Well, OK if you say to. Maybe I should start a thread on how many OPers have failed to make any discernable point until 26 posts down the line.:confused:

Sorry, I’ve been going about 4 hours of sleep a day for a month or so now, and I couldn’t think of a catchy way to phrase it for the thread title. (I mean, I don’t think, “Explorers Who Went Out Looking For One Thing And Didn’t Find It, But DID Find Something Else Worthy of Merit Instead.” would fit in the thread title box.

The Scottish explorer Mungo Park drowned trying to find the source of the Niger River in 1806 after a previous unsuccessful attempt. But he contributed greatly to knowledge of the region.

David Livingstone, Richard Burton, and Samuel Baker unsuccessfully tried to find the source of the Nile but advanced geographical knowledge greatly.
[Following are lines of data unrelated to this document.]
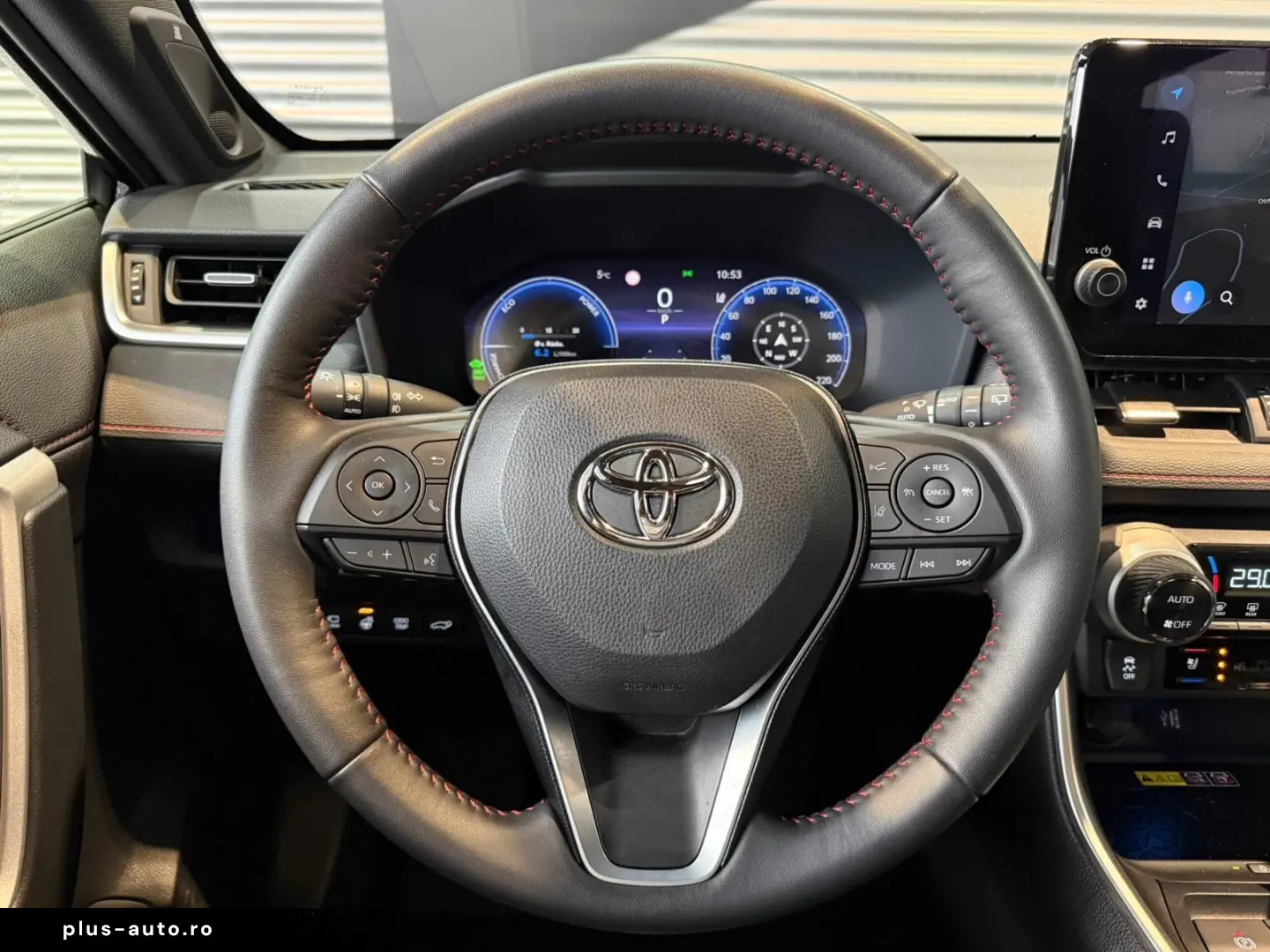 RAV4 Hybrid 4x4 JBL CARPLAY 360  HUD ACC PANO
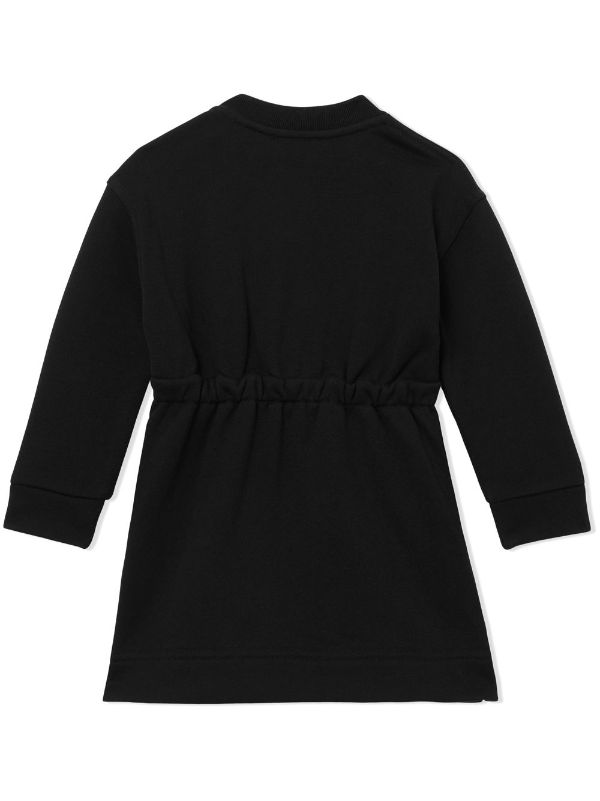 Burberry sweater kids black fashion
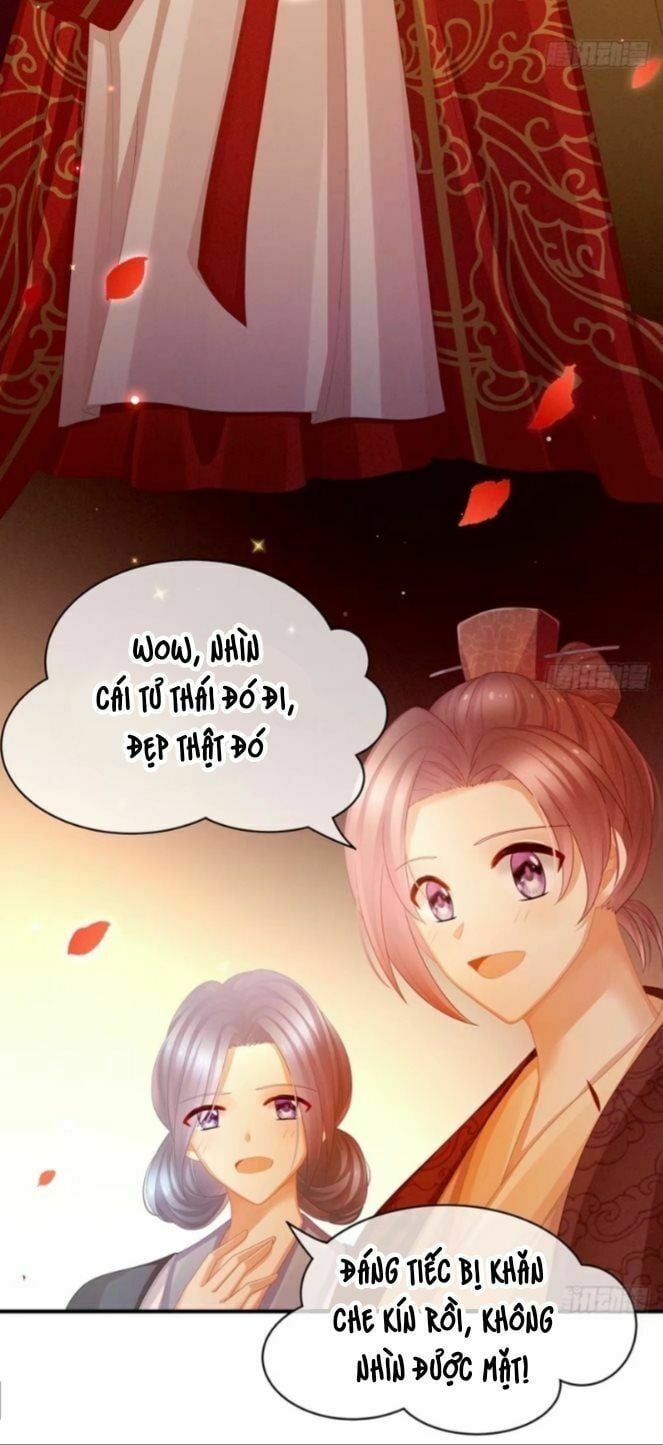 đọc truyện Hậu Cung Của Nữ Đế Chương 53 ảnh 16 tại Thiên Thai Truyện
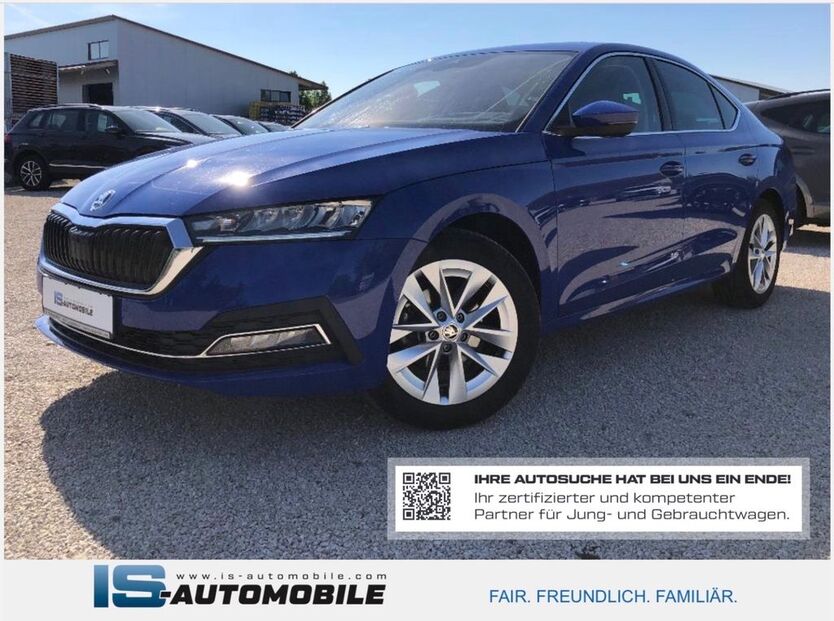 Skoda Octavia 39.431 km 22.749 € Langenmosen 86571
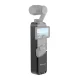 Металлическая клетка PULUZ для DJI Osmo Pocket 3 PU930B, черный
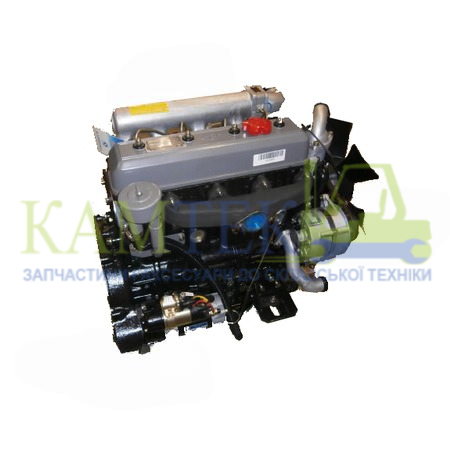 A490BPG Насос масла двигателя погрузчика A490BPG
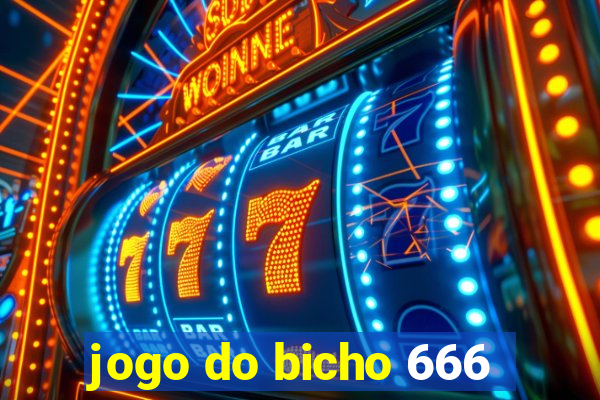 jogo do bicho 666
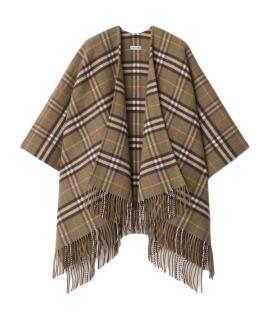 BURBERRY Накидка/пончо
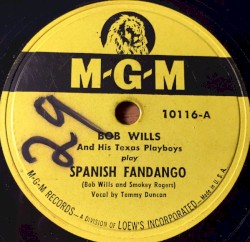 Spanish Fandango / Bubbles in My Beer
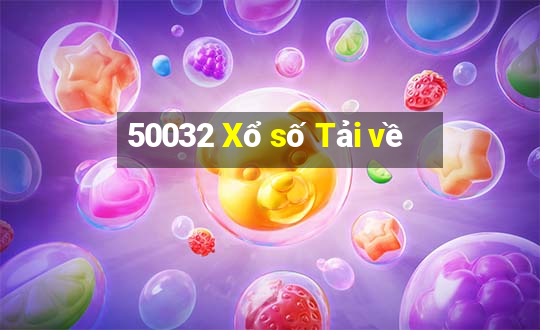 50032 Xổ số Tải về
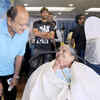 Article image for: Sachin's star-studded farewell
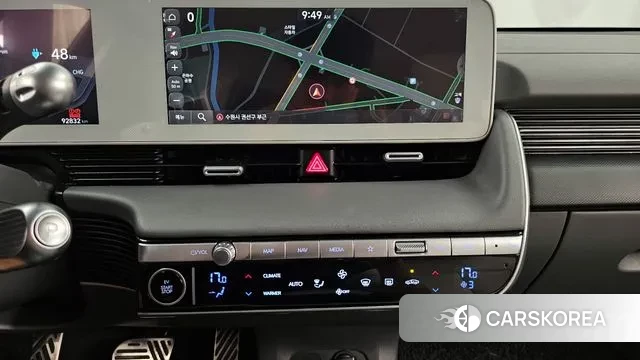 Hyundai Ionic 5 2022 Черный из Кореи, фото 5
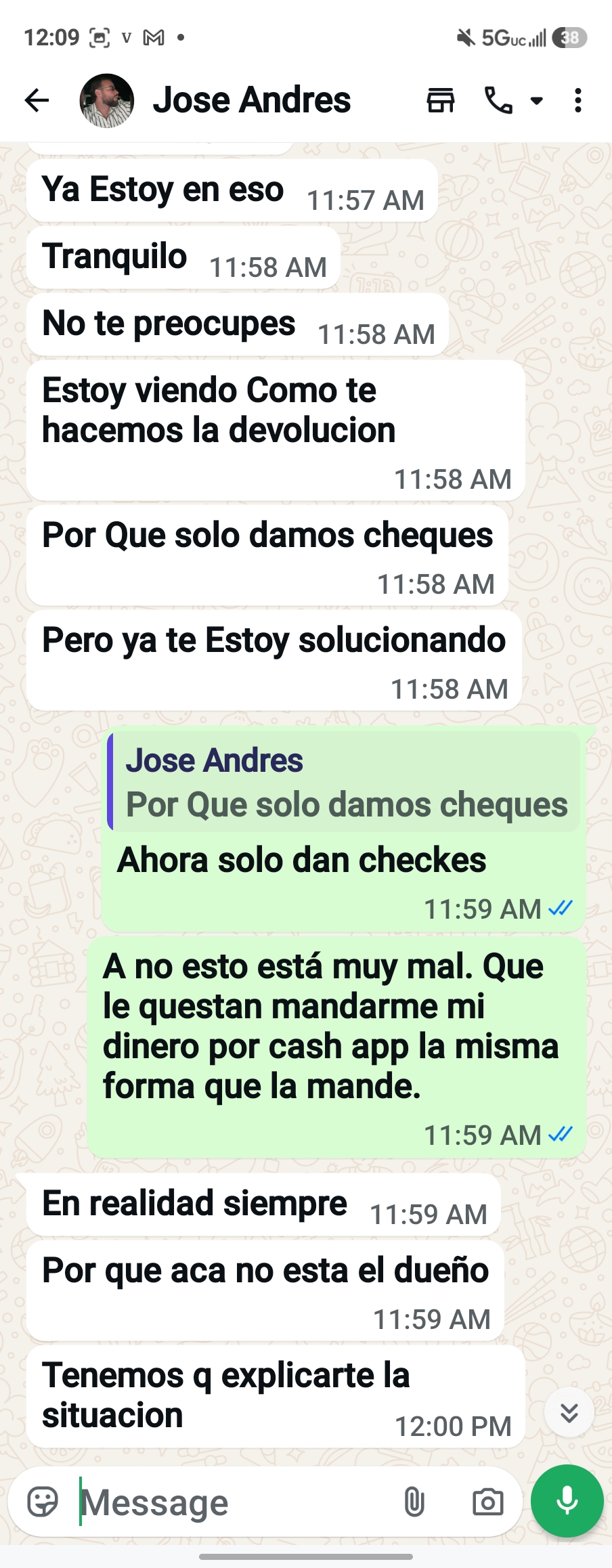 Andres C.'s post 1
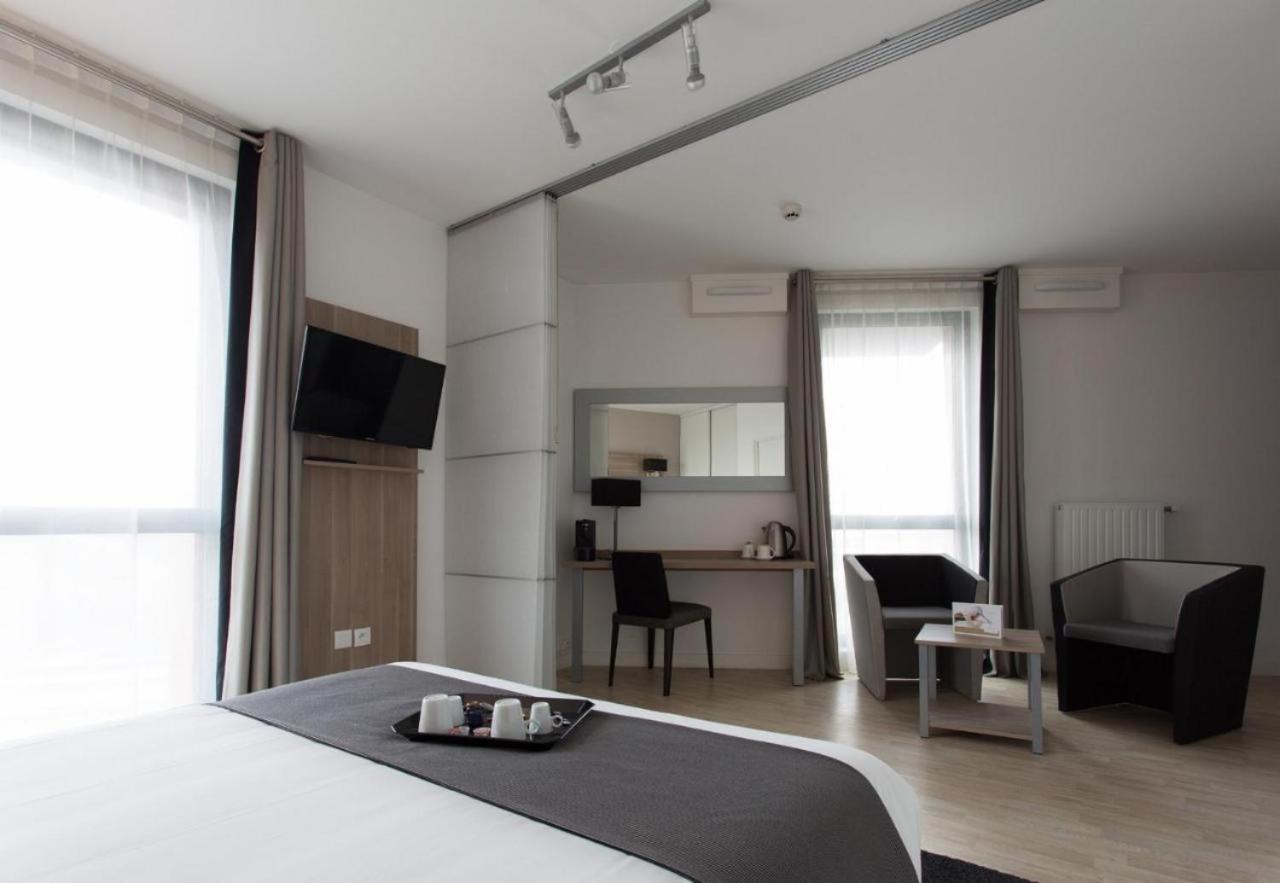 Twenty Business Flats Lille Grand Stade Aparthotel Villeneuve-d'Ascq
The true source of the Nile, Lake Victoria, was discovered by Burton’s companion John Speke, a discovery bitterly disputed by Burton.

In Australia, Charles Sturt (1829) attempted to find the non-existent Great Inland Sea. Instead he managed to establish that it didn’t exist while exploring the Murray River system.

The Burke and Wills expedition (1860) was successful in crossing Australia from south to north, but all but one party member perished on the way back.

You are thinking of Francisco Orellana, who descended the River Amazon in 1541.

Many of the early explorations of the Spanish and Portuguese in the Americas were in search of mythical “Cities of Gold.” One of the best known was that of Francisco Coronado, who explored what is now the U.S. southwest looking for the golden “Seven Cities of Cibola,” which turned out to be nothing more than some adobe pueblos.